Die gesamte Ensembleleistung ist herausragend, vielleicht ist die Musikkomponente im fixen Team Lietzows (Gilbert Handler und Rainer Gutternigg als Cowboy-Elvis-Duoverschnitt) nicht so logisch kraftvoll wie aus anderen Produktionen bekannt. Doch im Schauspiel erleben wir einmal mehr die große Theresa Palfi als Margaret in ihrer ganz eigenen Exzellenz. Benedikt Steiner, einer der wandlungsfähigsten Schauspieler des Hauses, entwickelt in einer Feinsinnigkeit Brick durch den drei Stunden langen Abend, man muss diese Studie eines in seiner Liebe, seiner Leidenschaft, in und an seinem Sport gebrochenen Mannes gesehen haben.

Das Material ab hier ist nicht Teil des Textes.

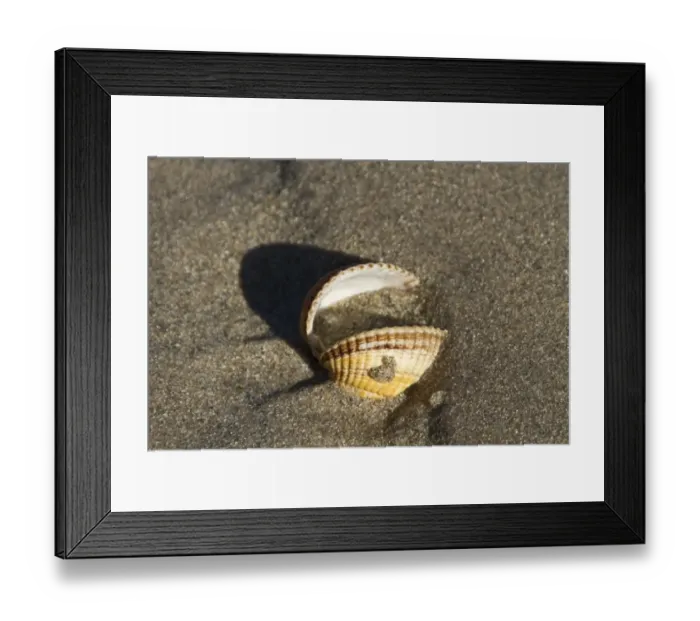Framed Print : Shell of common cockle Framed Print : Shell of common cockle
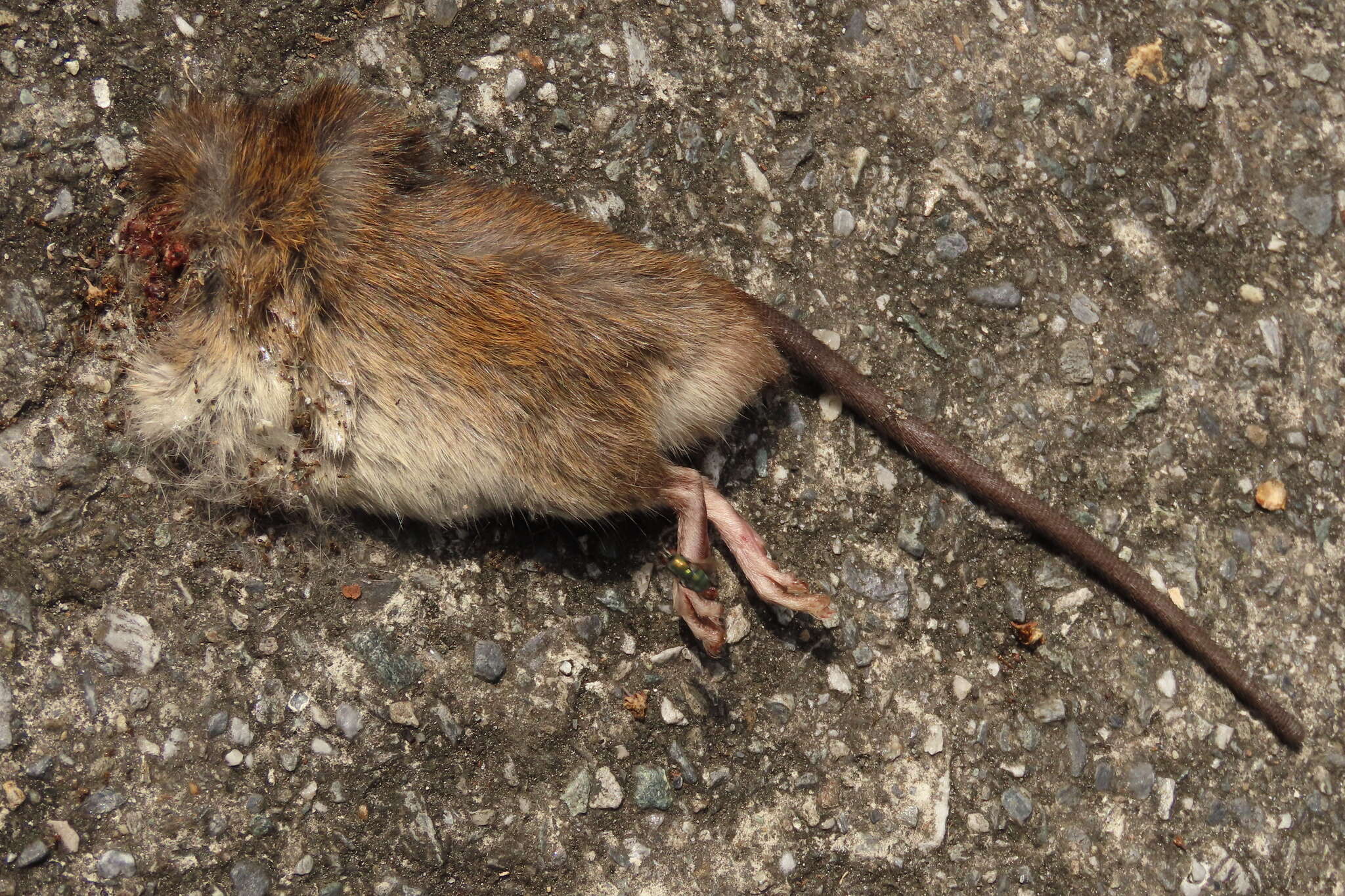 Image of Lesser Rice-field Rat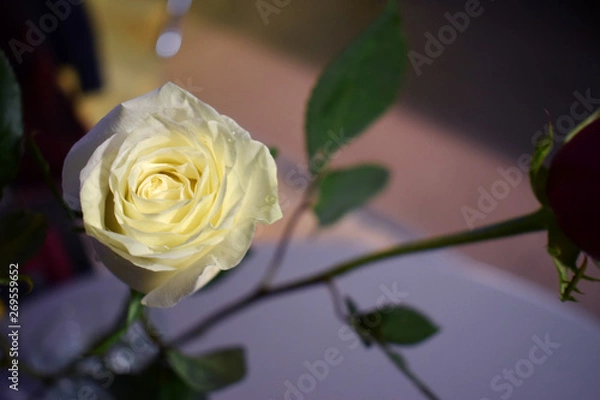 Fototapeta White Rose
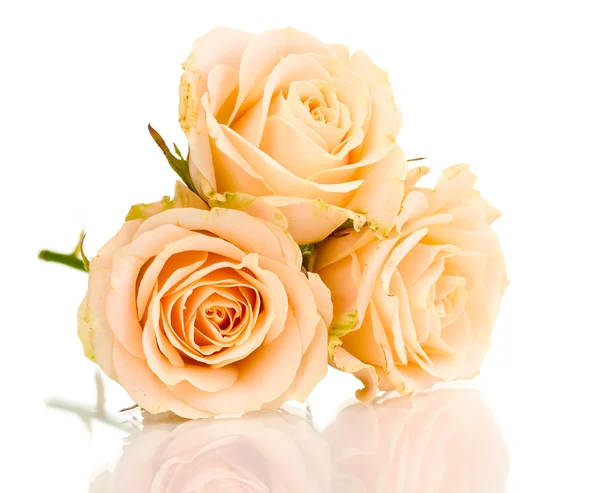Gyönyörű rózsák elszigetelt fehér — Stock Fotó
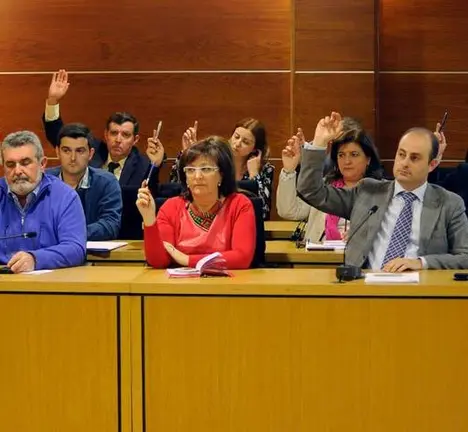 Votaci&oacute;n no Pleno Municipal de Culleredo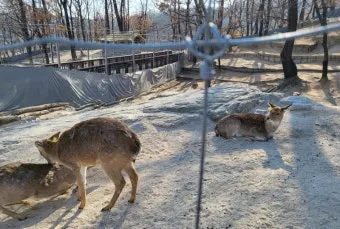 부갑상선기능항진증 수술 후기 2주차 내분비외과 내원 경험담_22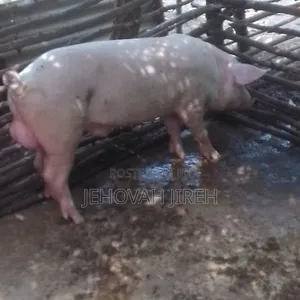 Healthy Pigs for Sale
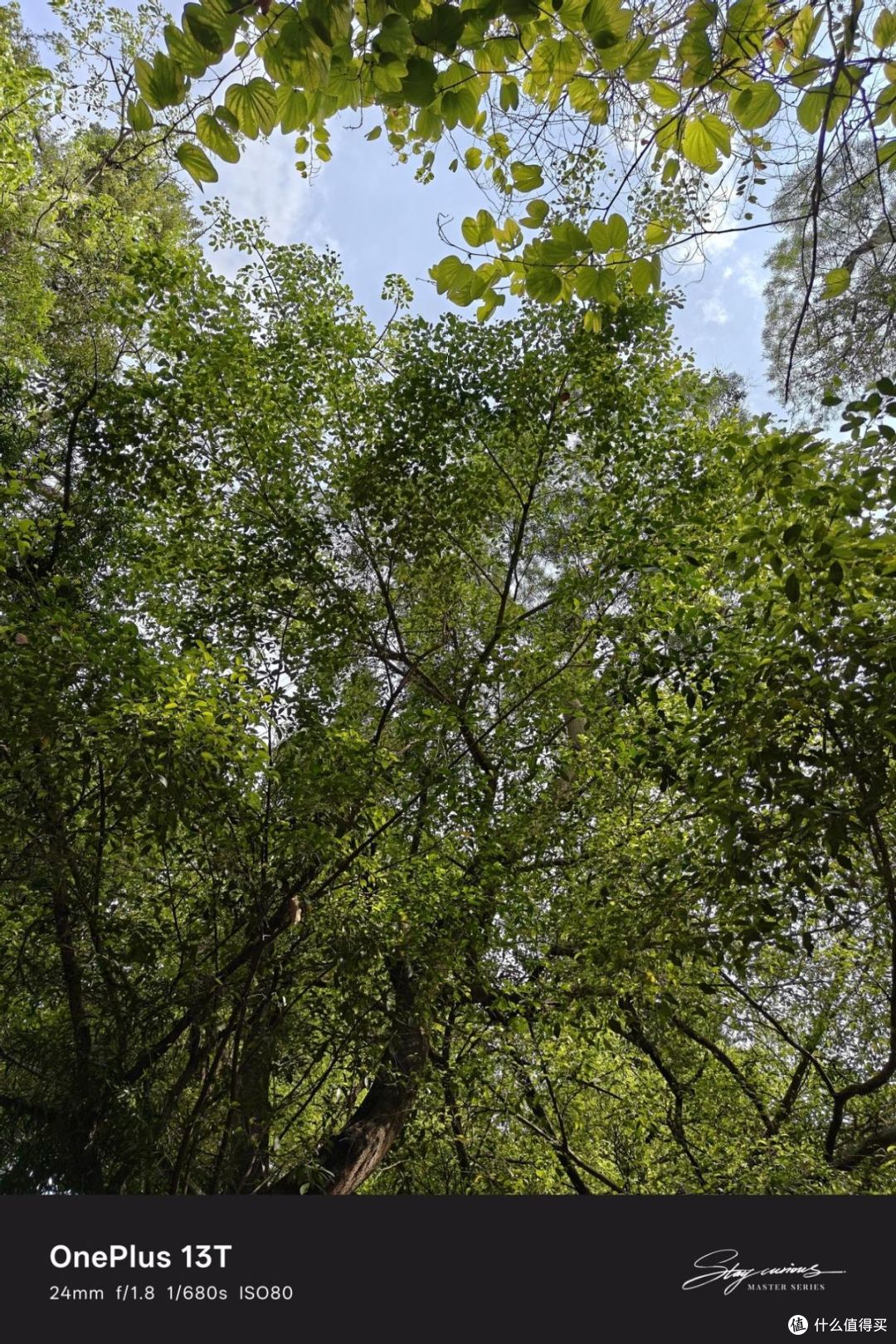 2025小屏旗舰双雄终极对决：一加13T和小米15，怎么选？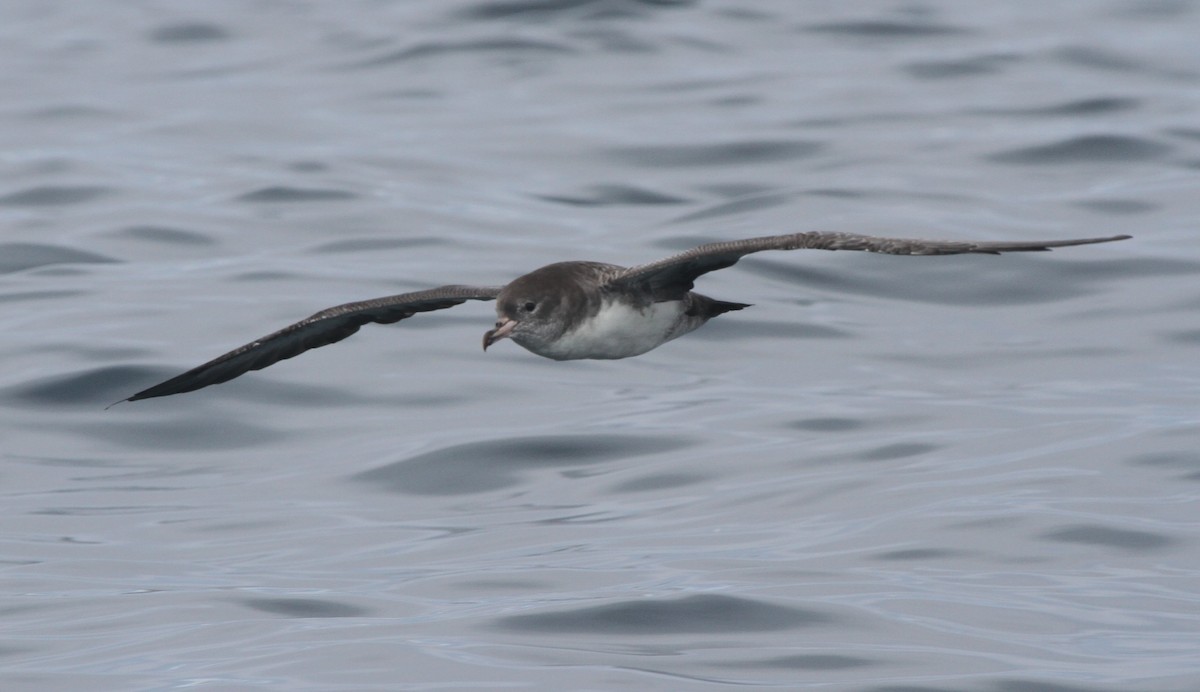 Pink-footed Shearwater - ML29874171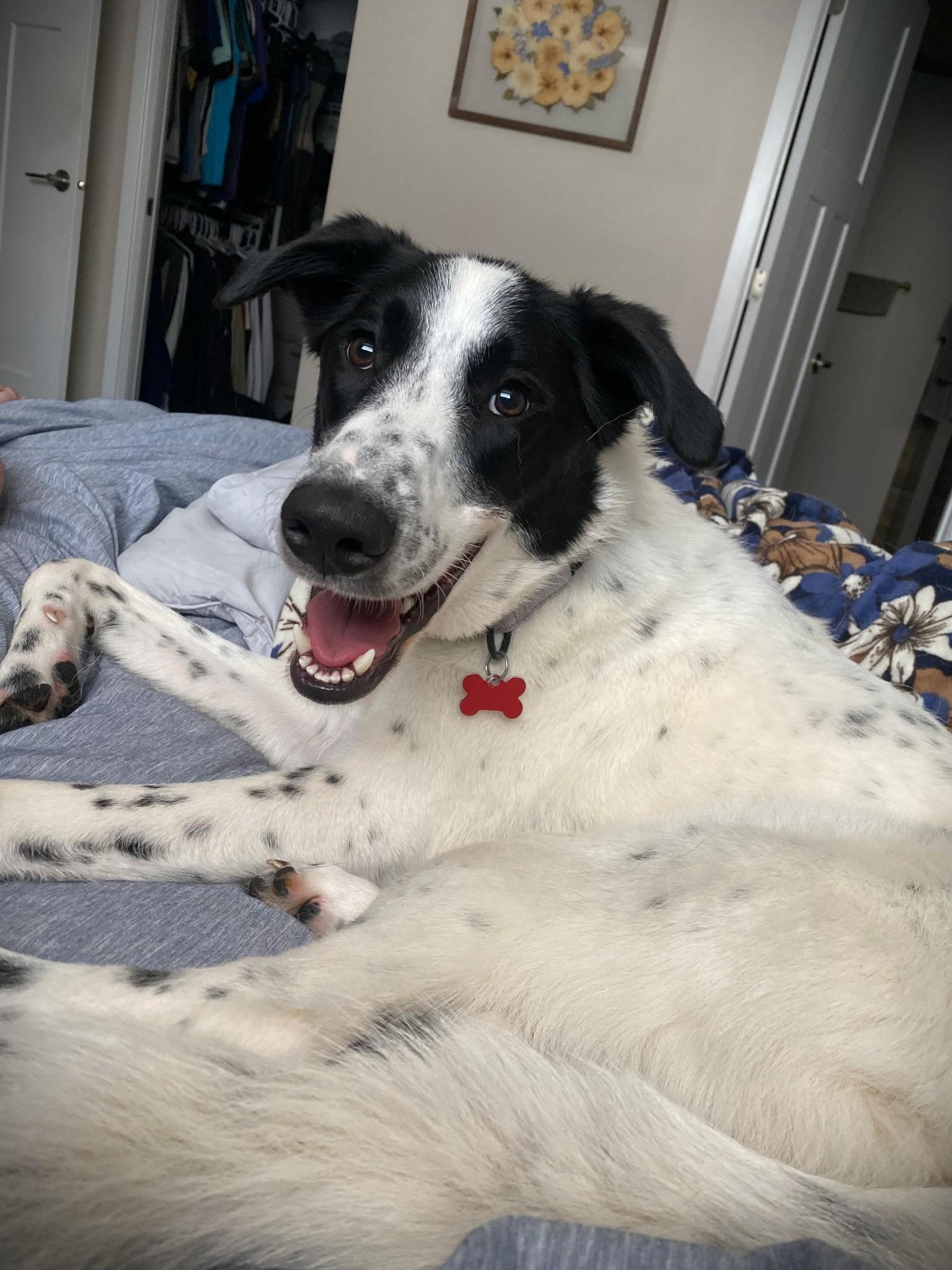 Paul - $250 Adoption Fee, a Adoptable mixed breed in Rochester, MN image 3/6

Katharina Hofmanns Big Mama, in der Erscheinung auf der Bühne steht wohl die amerikanische Sängerin Dolly Parton Patin, setzt mit der adaptierten Streisand-Nummer von „Woman in Love“ in der Mitte der Inszenierung in Verbindung mit der Videoanimation ein Statement. Klaus Müller-Beck führt in seiner Kurzbiographie den Big Daddy als wichtige Rolle, das spürt man in jeder Sekunde seiner Interpretation des Patriarchen, der sich nicht zum Spielball seiner Familie machen lassen will. Er teilt sein eigenes Geheimnis mit dem jüngeren Sohn, nur sie beide finden ihren Ausweg aus der Heuchelei, mit Schnaps, im Tod. Denn Gooper (Julian Sigl) hat den Vertrag zur Firmenübernahme schon bei sich und Mae (Cecilia Pérez), zum fünften Kind schwanger, hält sich zugeheiratet gar nicht lang mit Fragen sensibler Etikette in der Familie auf. Ihre geradlinigen Urteile treffen besser als jede Waffe in Familienbesitz und da sogar schon Kinderhänden. Nataya Sam und Jonas Hämmerle sowie Lena Sophie Knapp und Vivian Miksch (diese beiden als Babys mit überdimensionierten Köpfen über die Bühne krabbelnd) spielen deren Kinder. Horst Heiss als Reverend Tooker und Christian Higer als Doktor Baugh gestalten kleine Studien der beiden Familienbegleiter.

Tennessee Williams ist heutzutage selten in Spielplänen zu finden, auch insofern empfiehlt sich der Besuch der Linzer Inszenierung, zumal „Die Katze auf dem heißen Blechdach“ Schauspiel ist, das die Saisonmotto-Frage, wie wir denn leben wollen, deutlich beantwortet.